Nous repassons dans les ruelles étroites du quartier de la Kalsa, les restes de la Palerme arabe. L’endroit était hier sale et populaire, il est aujourd’hui de plus en plus rénové et bobo. Mais une rue au marché typique est devenue le lieu de la fripe et de la malbouffe, avinée et assourdissante le soir, comme le dit le guide.
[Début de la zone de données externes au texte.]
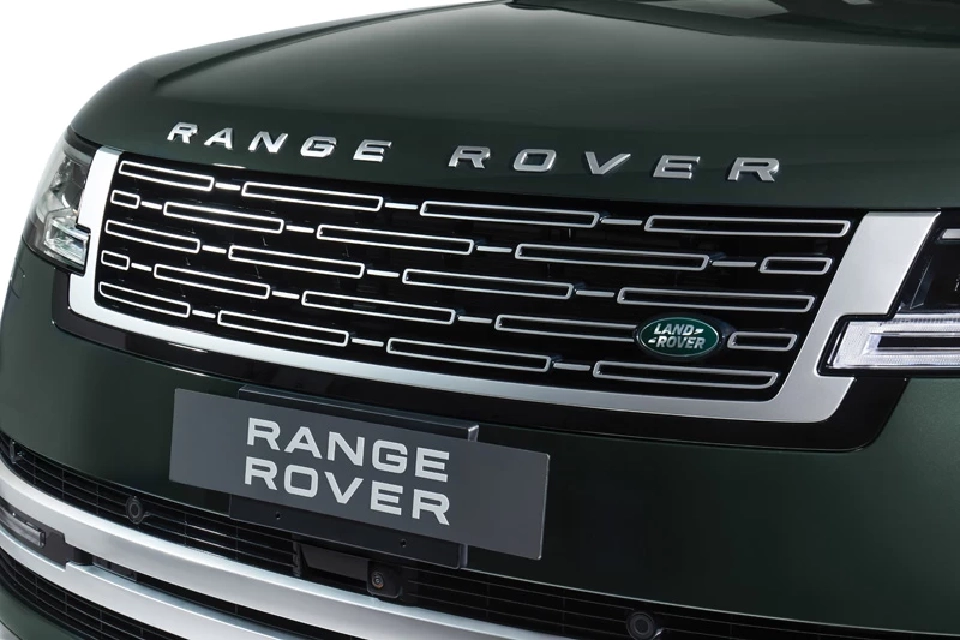 RANGE ROVER 2022 ราคาในไทย 12-16 ล้านบาท แลนด์โรเวอร์ขาย ปลั๊กอินไฮบริด – ดีเซล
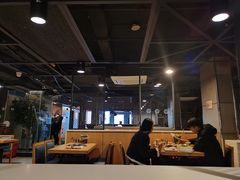 大堂-圣火营自助烤肉(南京东路店)
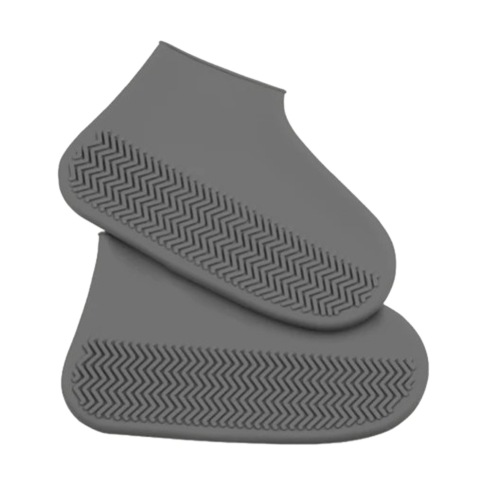 ShoeGuard - The ultimate companion for wet weather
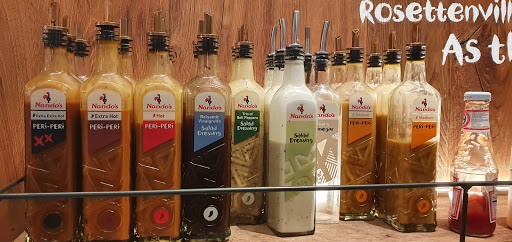 Nando's Camperdown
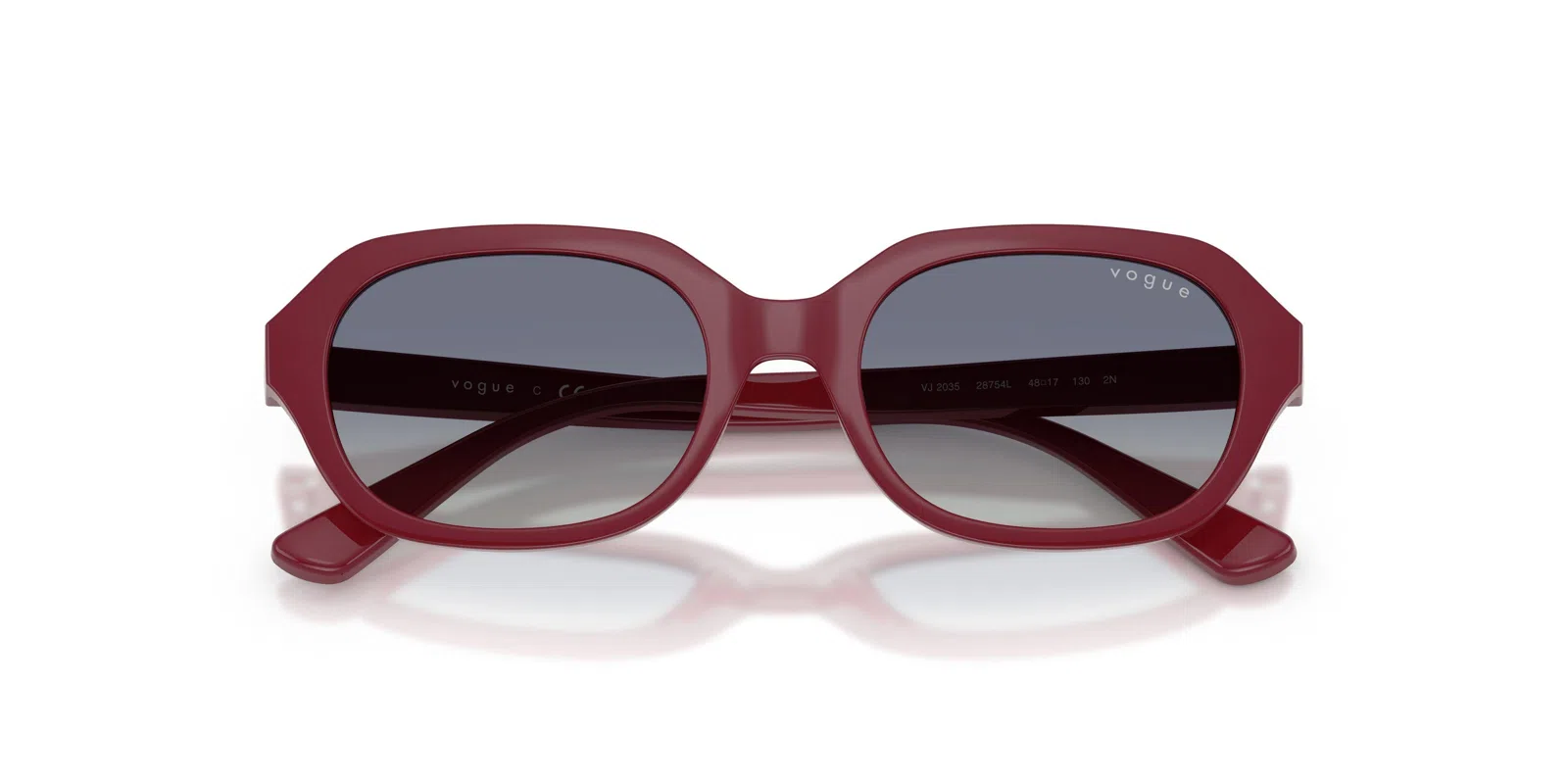 Vogue Eyewear Kids 2035 Sunglasses - view 29
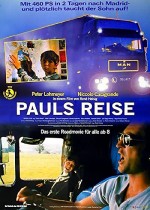 Pauls Reise (1999) afişi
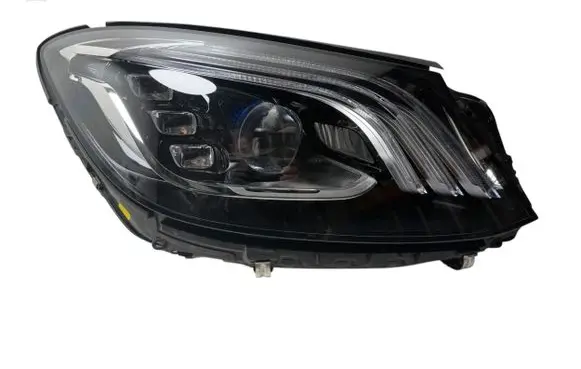 Mercedes-Benz S W222 Headlight/headlamp A2229067803 2229067803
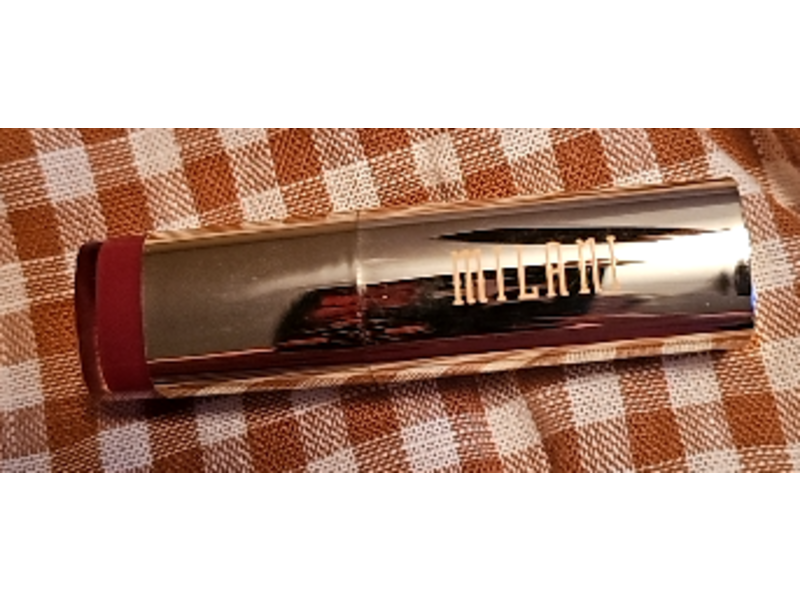 Milani Color Statement Lipstick, Plumrose, 0.14 oz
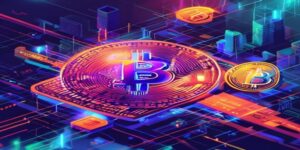 Beyond Bitcoin: How Next-Gen Blockchain Applications are Redefining Industries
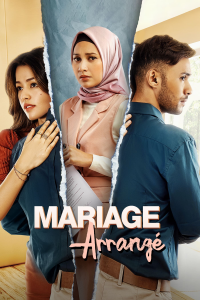 voir serie Mariage arrangé en streaming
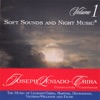 Soft Sounds and Night Music the Music of Leniado-chira, Bartok, R. Vaughan-williams and Faure, Vol. 1.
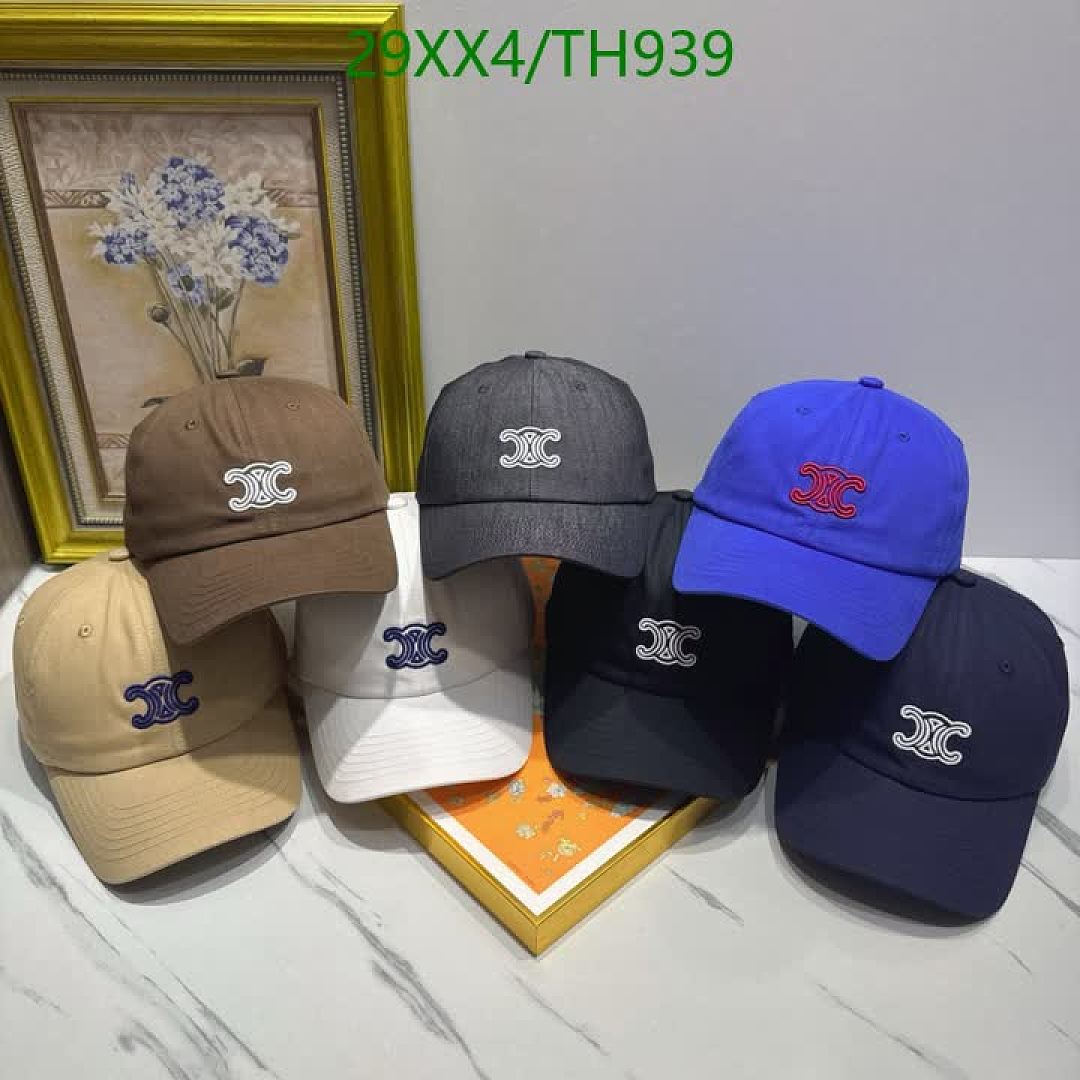 Celine-Cap(Hat) Code: TH939 $: 29USD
La voie des Latrines ? des laitiers ? des Lattarini ? La via Lattarini a sa plaque écrite en trois langues, comme au temps des Normands : en latin, hébreu et arabe.

Le café Stagnitta, près de la piazza Bellini, est le préféré du guide ; il vient y acheter son café en grains pour le moudre à la maison. Le Financial Times lui a consacré un article, vantant la maison ouverte en 1928.

Place de la Vergogna (de la honte), en réalité piazza Pretoria, trône une gigantesque fontaine de marbre aux nombreuses statues imitées de l’antique, œuvre de Camilliani et de Naccherino (1555-1575). La honte parce que le prince n’avait plus assez de fonds pour finir et à intrigué pour la faire financer par le Sénat de Palerme.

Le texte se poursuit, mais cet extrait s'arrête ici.